**Work instructions**
Each record should be given again exactly, and any picture in it left out.

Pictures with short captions

—————

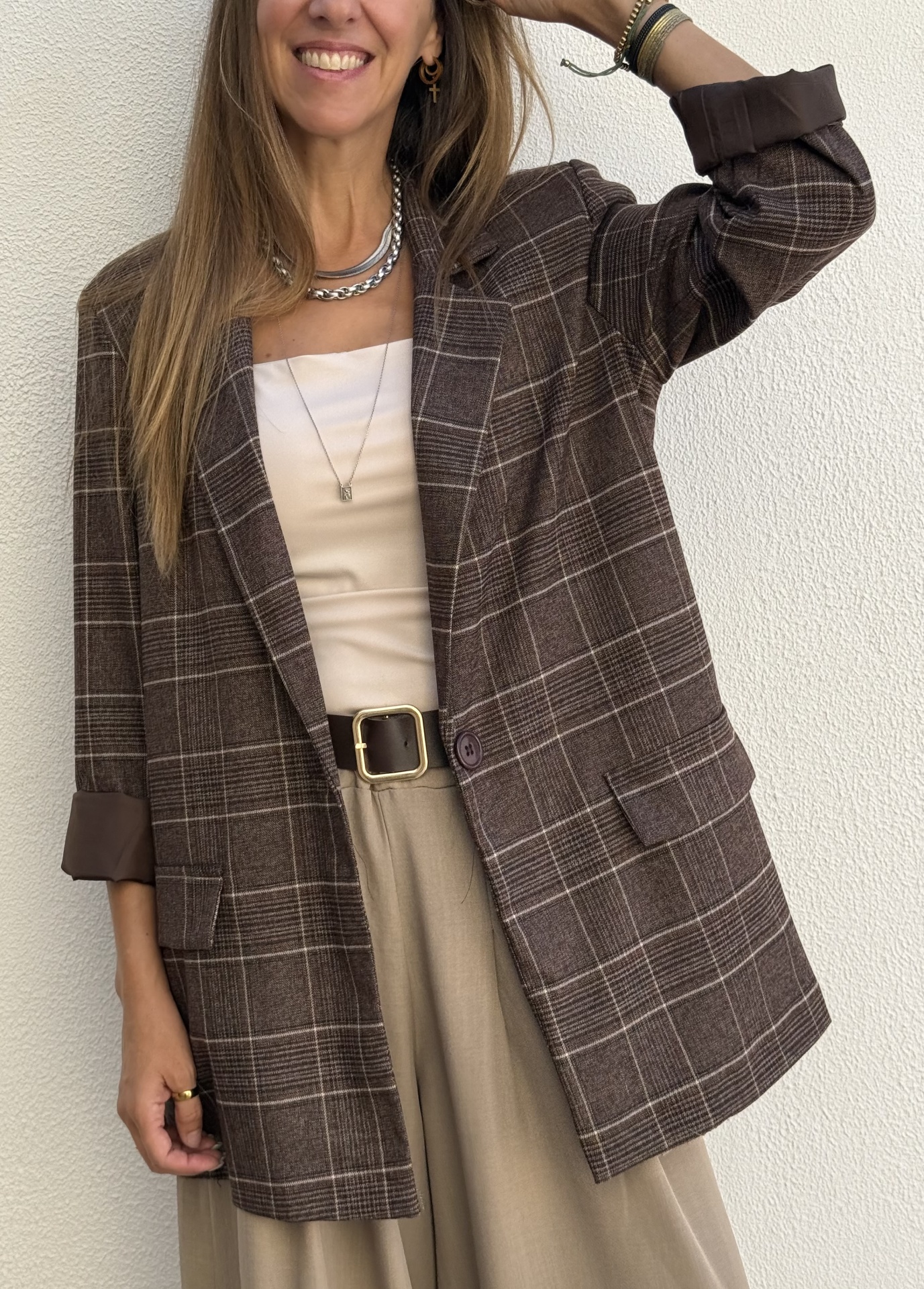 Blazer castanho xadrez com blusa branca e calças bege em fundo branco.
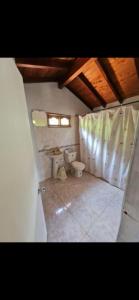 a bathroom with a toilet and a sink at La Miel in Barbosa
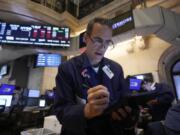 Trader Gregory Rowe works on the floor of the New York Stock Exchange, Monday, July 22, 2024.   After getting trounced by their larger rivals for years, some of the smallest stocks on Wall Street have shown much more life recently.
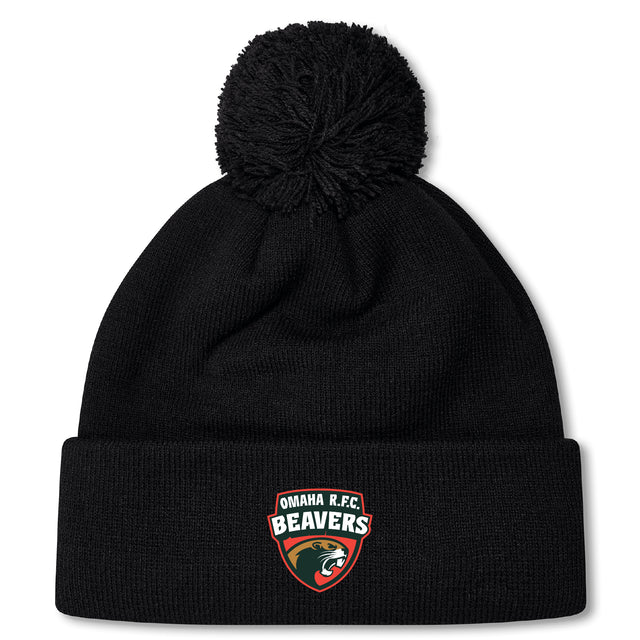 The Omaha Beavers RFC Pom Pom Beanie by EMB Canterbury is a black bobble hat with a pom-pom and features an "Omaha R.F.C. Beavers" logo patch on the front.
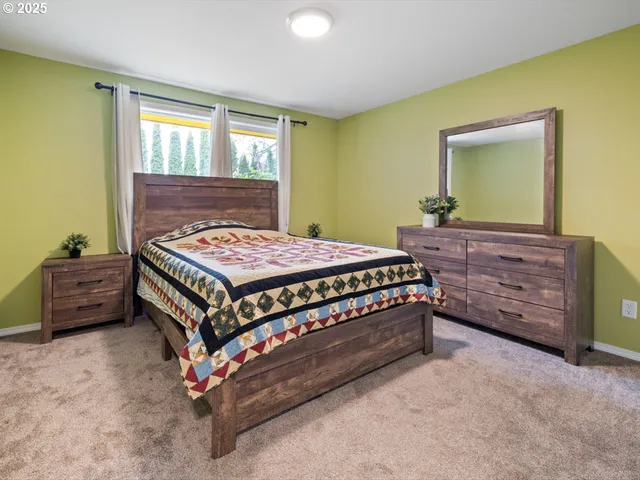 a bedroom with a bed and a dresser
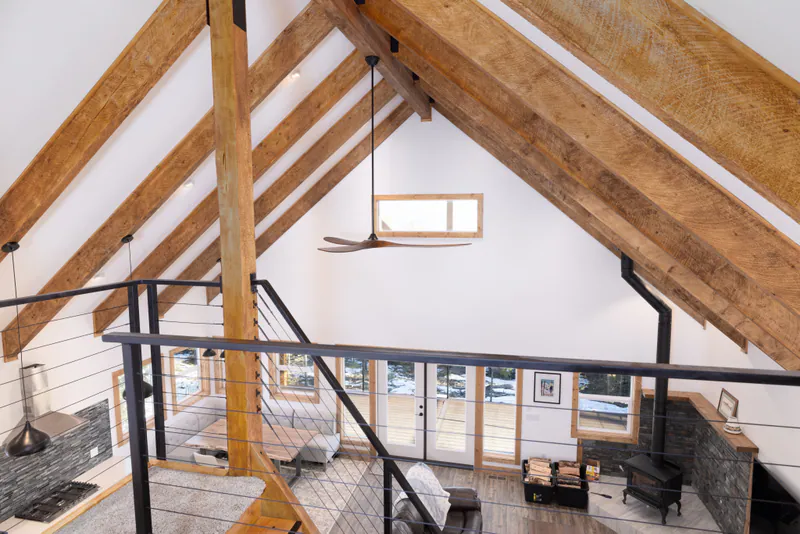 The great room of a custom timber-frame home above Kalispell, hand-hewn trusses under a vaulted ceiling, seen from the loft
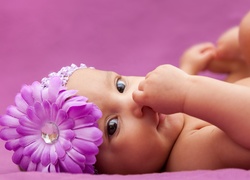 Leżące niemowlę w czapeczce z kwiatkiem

—————

**Final answer**
 Blazer castanho xadrez com blusa branca e calças bege em fundo branco.
 a bathroom with a toilet and a sink at La Miel in Barbosa
 Trader Gregory Rowe works on the floor of the New York Stock Exchange, Monday, July 22, 2024.   After getting trounced by their larger rivals for years, some of the smallest stocks on Wall Street have shown much more life recently.
 The Omaha Beavers RFC Pom Pom Beanie by EMB Canterbury is a black bobble hat with a pom-pom and features an "Omaha R.F.C. Beavers" logo patch on the front.
 a bedroom with a bed and a dresser
 The great room of a custom timber-frame home above Kalispell, hand-hewn trusses under a vaulted ceiling, seen from the loft
 Leżące niemowlę w czapeczce z kwiatkiem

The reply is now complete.